Print nothing but the lines below starting at the line that holds "Edgy Cat Tough" and ending at the line that holds "Mobarkar Outdoor Folding", including both, each exactly as written.

Extracted material »
▽

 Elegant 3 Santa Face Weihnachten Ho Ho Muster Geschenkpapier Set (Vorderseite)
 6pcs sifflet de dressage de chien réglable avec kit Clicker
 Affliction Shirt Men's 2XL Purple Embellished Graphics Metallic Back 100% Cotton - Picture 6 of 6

△
▽

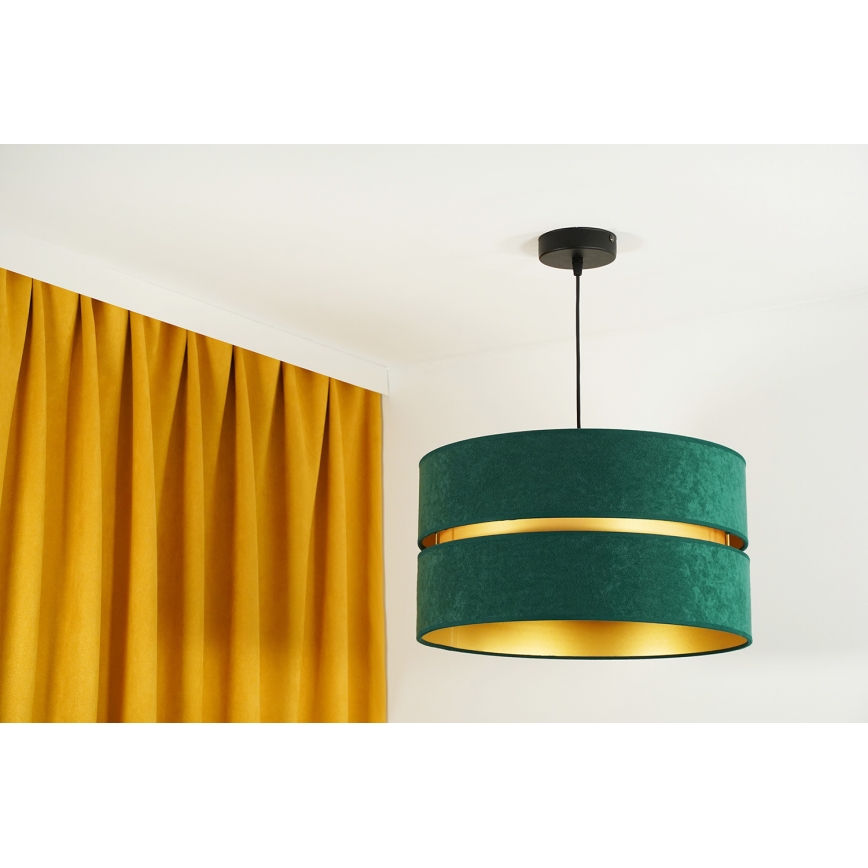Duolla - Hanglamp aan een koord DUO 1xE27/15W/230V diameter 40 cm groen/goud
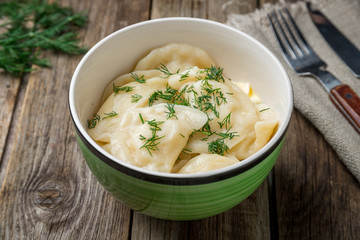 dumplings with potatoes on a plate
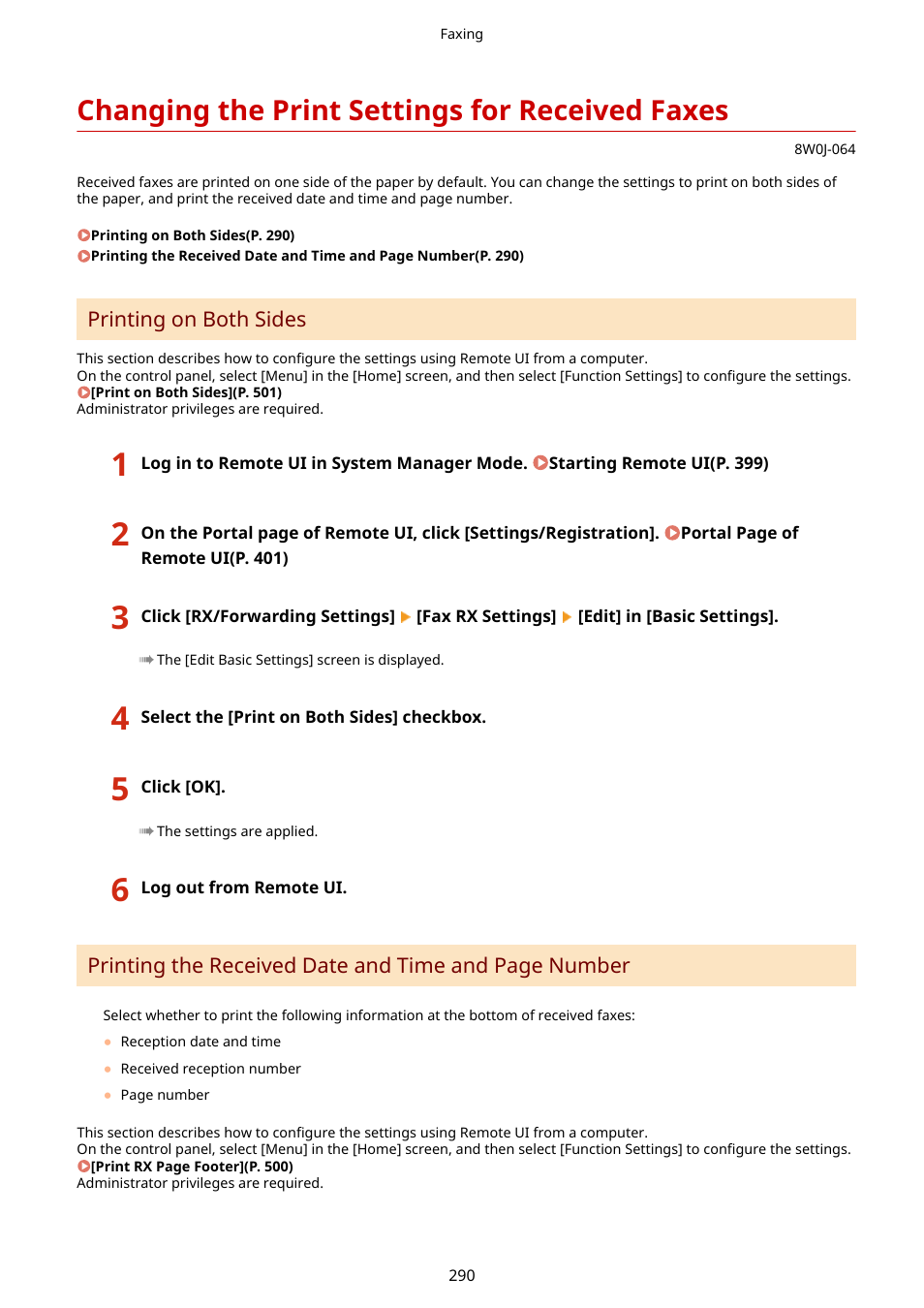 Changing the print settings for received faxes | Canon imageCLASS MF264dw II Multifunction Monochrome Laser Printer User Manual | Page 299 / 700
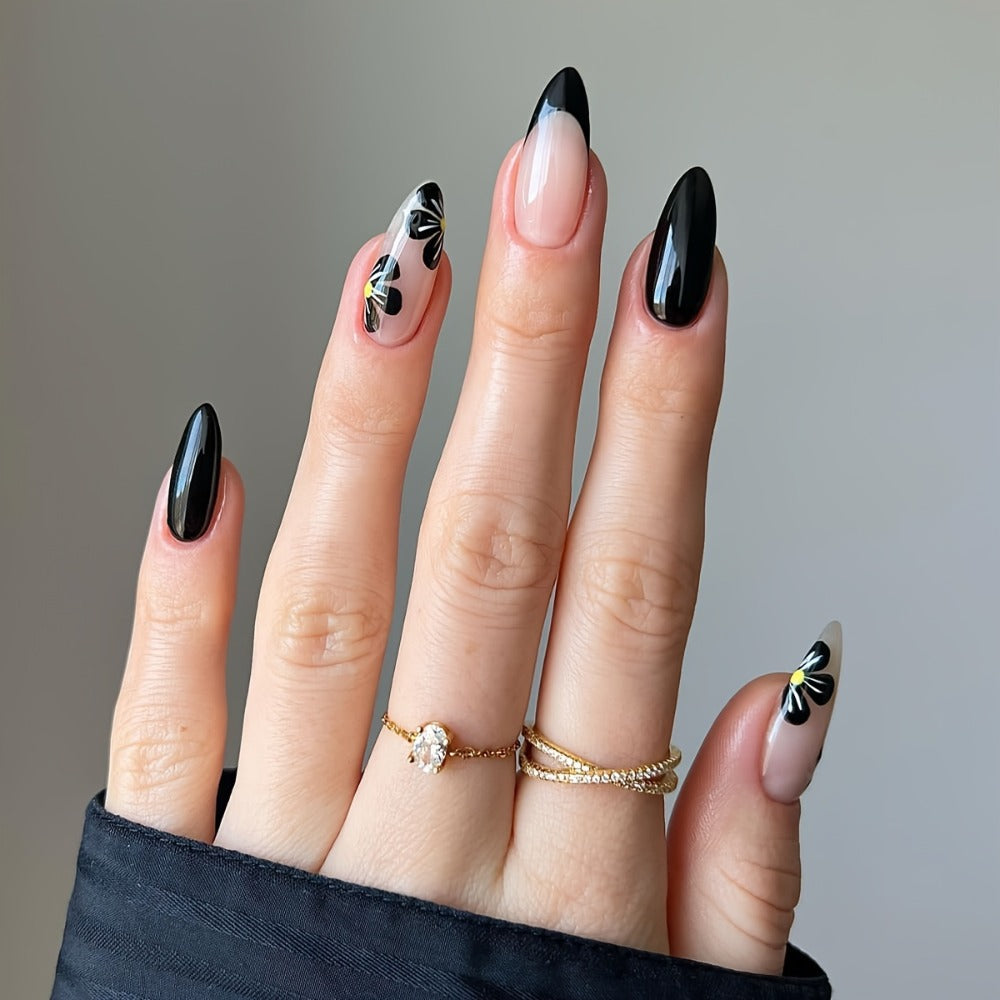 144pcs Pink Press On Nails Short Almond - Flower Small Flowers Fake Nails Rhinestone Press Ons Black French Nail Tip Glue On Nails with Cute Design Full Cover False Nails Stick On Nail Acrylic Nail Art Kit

△
▽

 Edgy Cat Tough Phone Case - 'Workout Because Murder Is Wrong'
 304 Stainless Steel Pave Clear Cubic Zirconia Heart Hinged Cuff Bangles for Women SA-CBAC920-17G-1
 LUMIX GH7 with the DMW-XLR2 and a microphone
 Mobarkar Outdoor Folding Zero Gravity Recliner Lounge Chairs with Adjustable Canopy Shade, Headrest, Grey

△

Answer section »
 Edgy Cat Tough Phone Case - 'Workout Because Murder Is Wrong'
 304 Stainless Steel Pave Clear Cubic Zirconia Heart Hinged Cuff Bangles for Women SA-CBAC920-17G-1
 LUMIX GH7 with the DMW-XLR2 and a microphone
 Mobarkar Outdoor Folding Zero Gravity Recliner Lounge Chairs with Adjustable Canopy Shade, Headrest, Grey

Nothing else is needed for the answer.